I used to listen to preachers on the radio and television. Pat Robertson, Jim Bakker, Rex Humbard, Jack Van Impe, Ernest Angley, Jerry Falwell, Jimmy Swaggart, Robert Schuller, Oral Roberts — you name ‘em, I watched ‘em.
There were some locals, like Coy Barker (of First Assembly of God) and Marcus and Joni Lamb (founders of WMCF-TV 45) who could be seen, live and in person, with real TV studios in Montgomery. Barker went on to form a megachurch in Oklahoma and the Lambs began the DayStar Network. Jim and Tammy Faye Bakker actually hosted a telethon from Montgomery back in the 1970s.
Further north, you could actually visit Our Lady of the Angels Monastery, where Mother Angelica operated Eternal Word Television Network (EWTN). EWTN’s programming was produced in the Birmingham suburb of Irondale and Mother Angelica welcomed live audiences for her entertaining talk show. Mother Angelica passed away on Easter Sunday in 2016.
I was recently reminded of this radio preacher I used to listen to. He sounded like he had just fallen off the turnip truck on the way to the radio station. His scratchy, country delivery was unique; his pronunciations were often so wrong I could barely understand the point he was making.
He once spent an entire episode talking about a parable I’d never heard. In it, a father threw a big party that included a Phanty Cat.
The Phanty Cat sounded mysterious, like a job for Scooby-Doo, Shaggy and the Mystery Machine gang. I envisioned a ghostly feline coming back home for this big shebang that was being thrown. But just where in the Bible was this Phanty Cat?
A couple of weeks ago, I turned on the TV and saw Jim Bakker is back in the TV-preacher business.
Jim Bakker, the guy who lost everything? He was the first host of “The 700 Club” with Pat Robertson then went on to start the Trinity Broadcasting Network with Paul and deceased-in-2016 Jan Crouch before beginning his PTL empire.
Bakker may have been the most famous of all the televangelists, but unfortunately for all the wrong reasons.

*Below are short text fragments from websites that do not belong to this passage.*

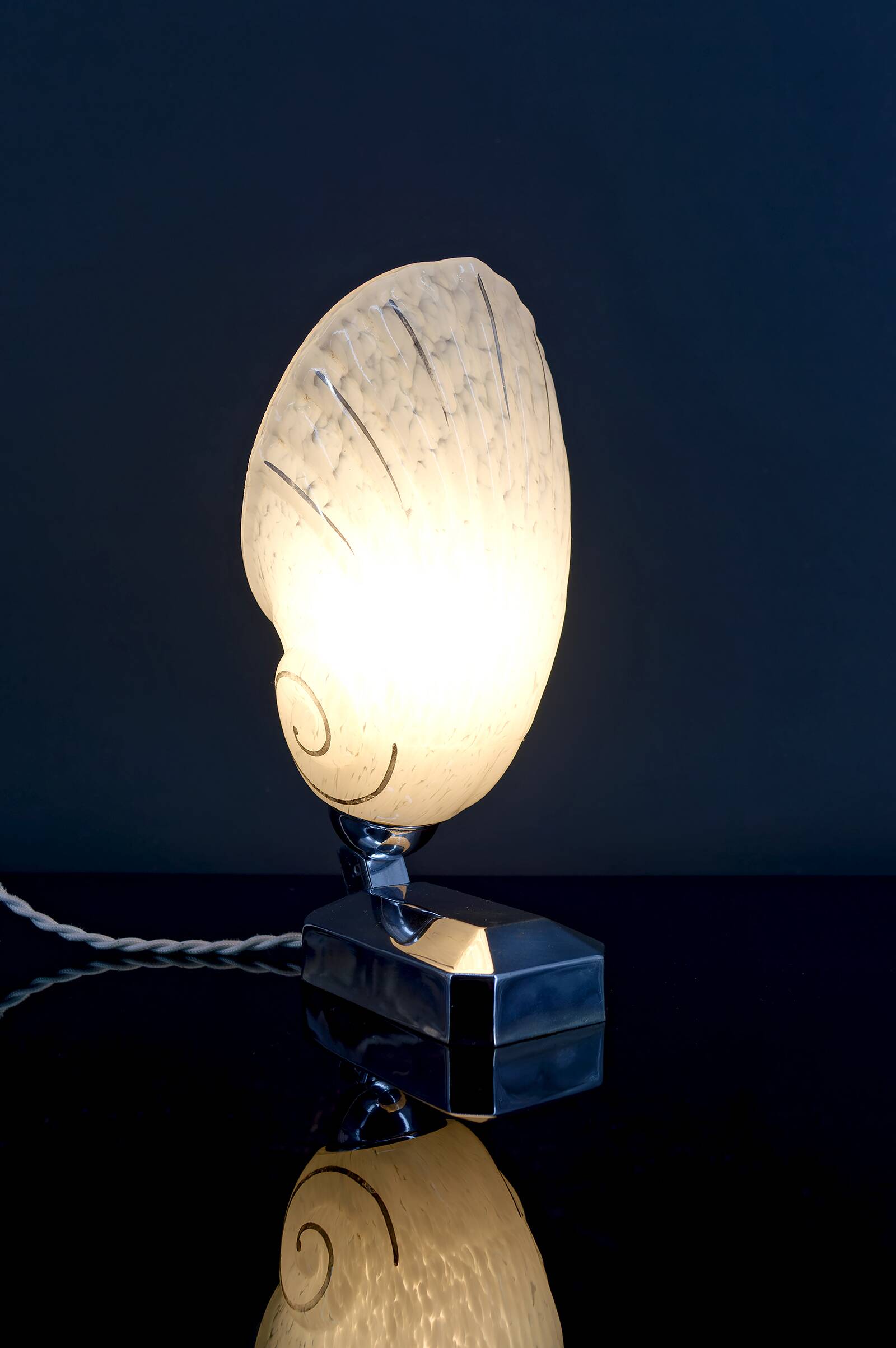 Modernist Art Deco "Coquillage" lamp, France, circa 1930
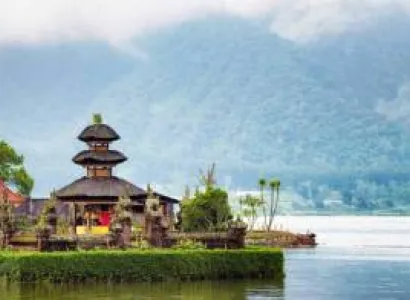 Explore Java Indonesia Tour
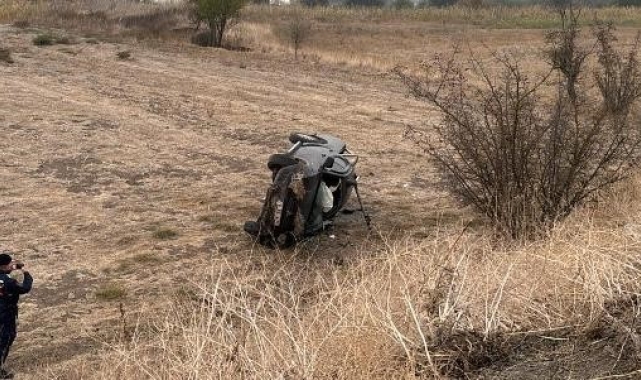 Otomobilin tarlaya uçtuğu kaza ucuz atlatıldı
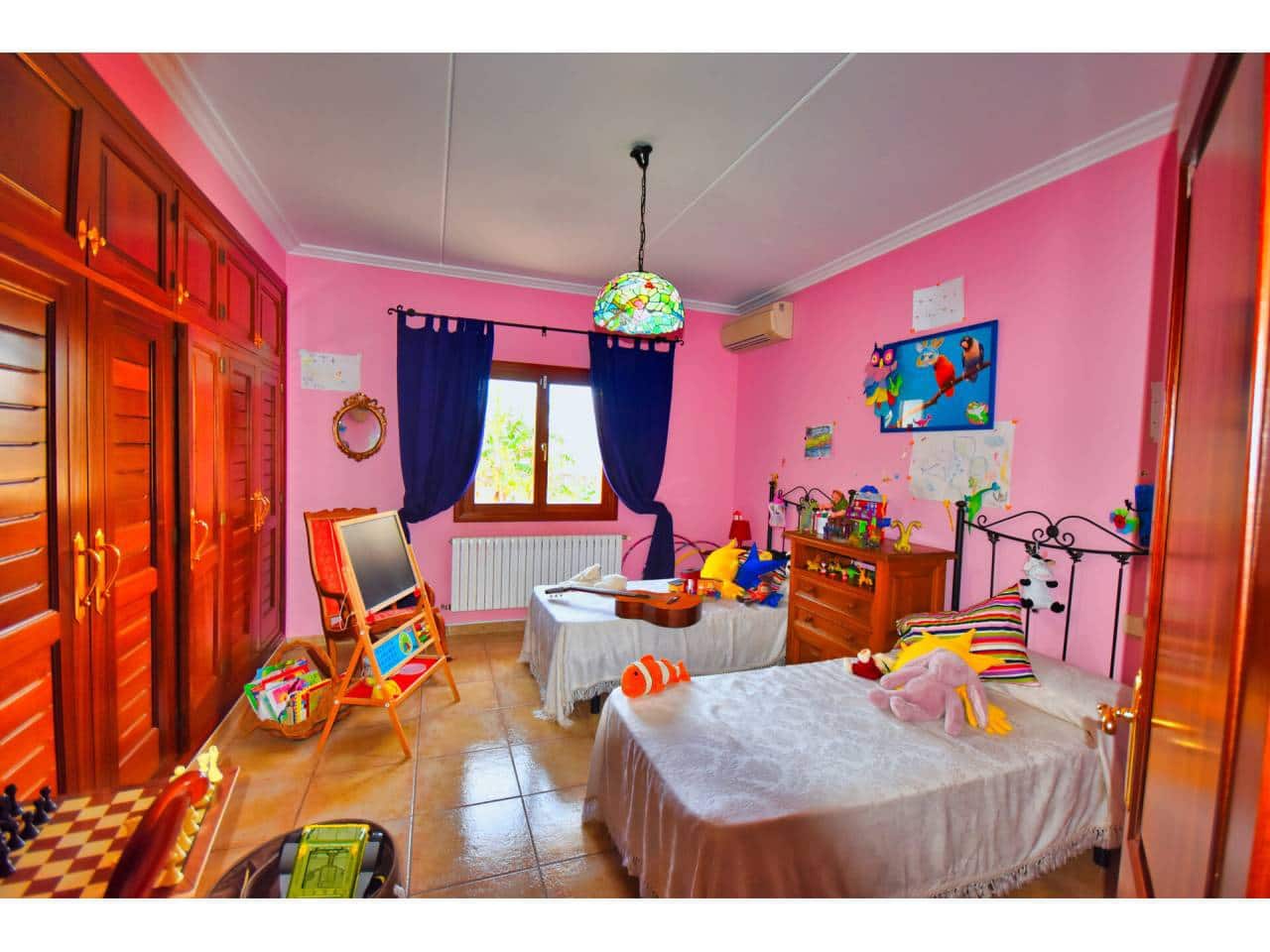 4 soveværelse Finca/Landehus til salg i Ca'n Picafort med swimmingpool garage - € 1.999.000 (Ref: 7965608)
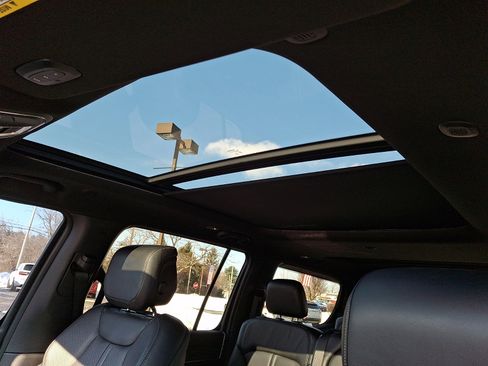 Used 2022 Jeep Wagoneer Series II w/ Premium Group I image 15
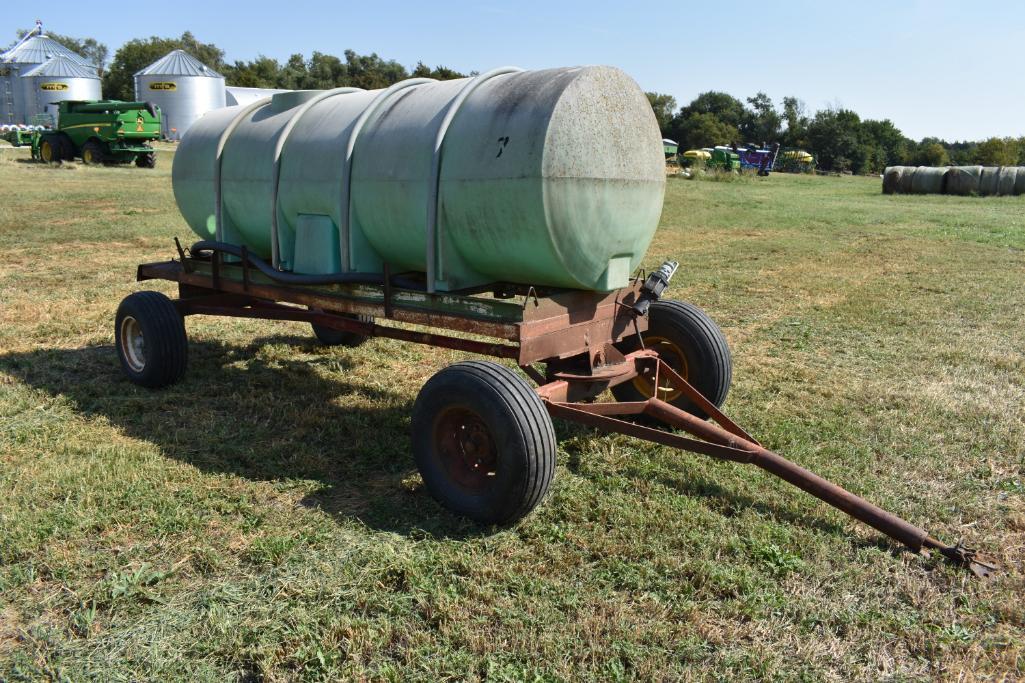 1,000 gal. poly tank on running gear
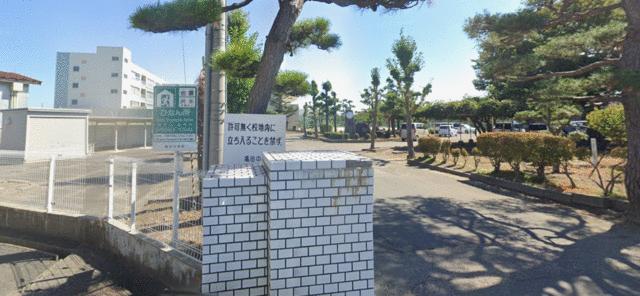 新潟市立亀田中学校 (468m)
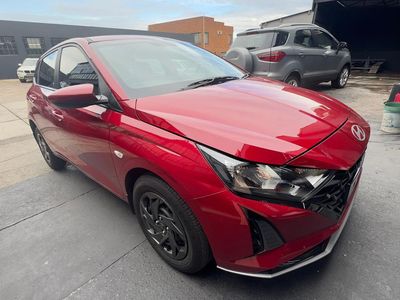 2025 Hyundai i20 1.4 premium Auto #LOWEST Km 2-TONE BARGAIN !!!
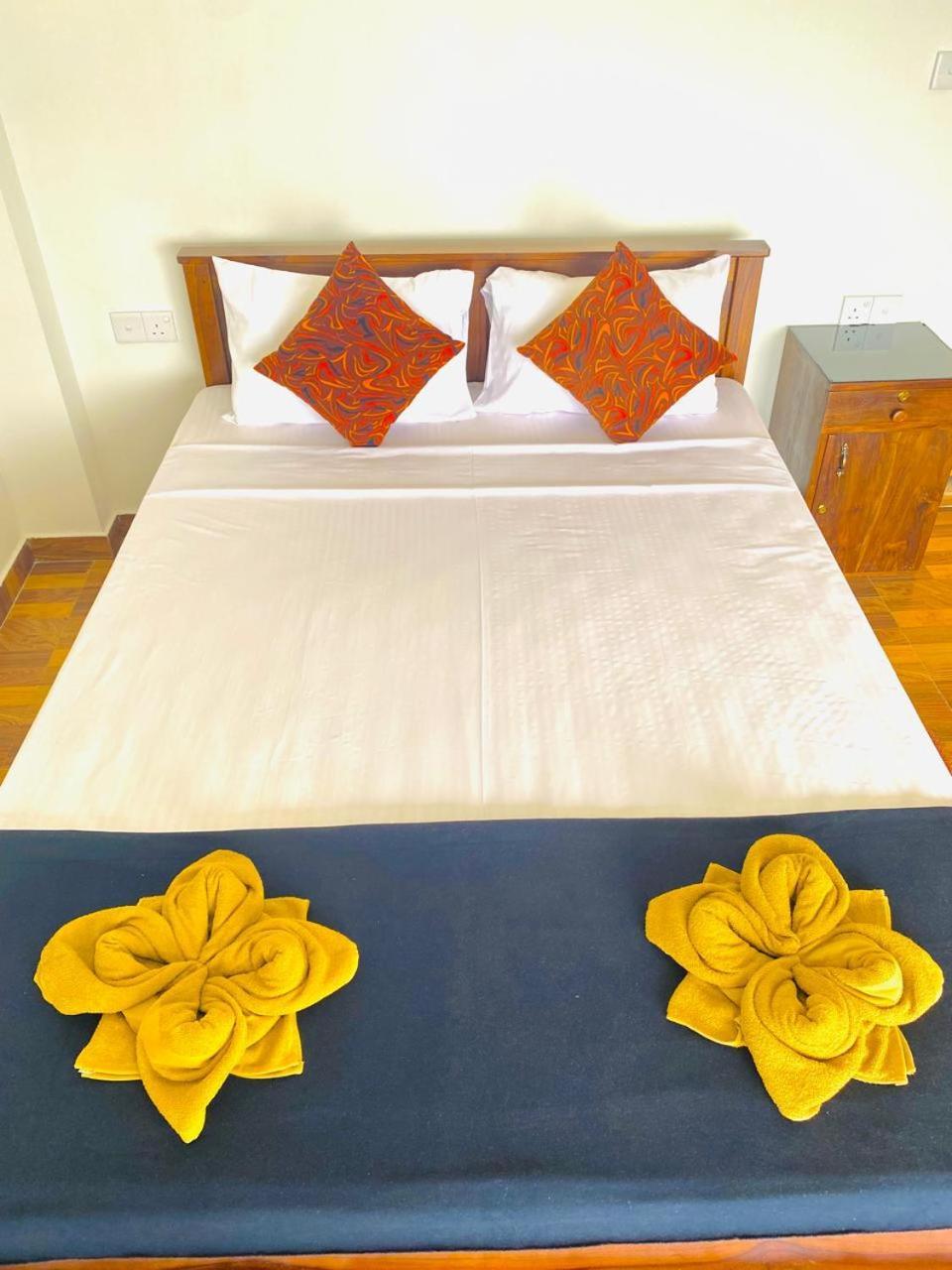 Bed and Breakfast Pleasant Peak Елла Екстер'єр фото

It was revealed he and his ex-wife Tammy Faye were living large on the donations made by faithful PTL Club viewers — and some money had been spent on keeping his mistresses quiet for several years.
Ah, the Prodigal. The word means “wastefully extravagant.” Such a fascinating story, and it was our Bible reading in church last Sunday. A father has two sons. The younger son asks for his inheritance then squanders it all, living the high life while seeing the world. He returns home, expecting to have to beg for a job on his father’s farm. Instead the father orders up a feast for his long-lost son.
The older son, who had stayed loyal, refuses to participate. But the father tells him why they are celebrating: the younger son was once lost but now is found. The father instructs the oldest son to get the fatted calf. This would have been a big deal back in the day.
That old radio preacher in my memory garbled “fatted calf” to the point where it sounded like “Phanty Cat.” But the Prodigal story reminds us all no matter how bad we can be sometimes, we can always come home.
It looks like Jim Bakker did his time. He’s a lot older now. But he was preaching about forgiveness and loving everyone like Jesus did even if they look or act or believe differently than you. Yes, Jim Bakker, who was shamed publicly, was actually talking about those three little words — love one another. That’s something even the Phanty Cat could believe in.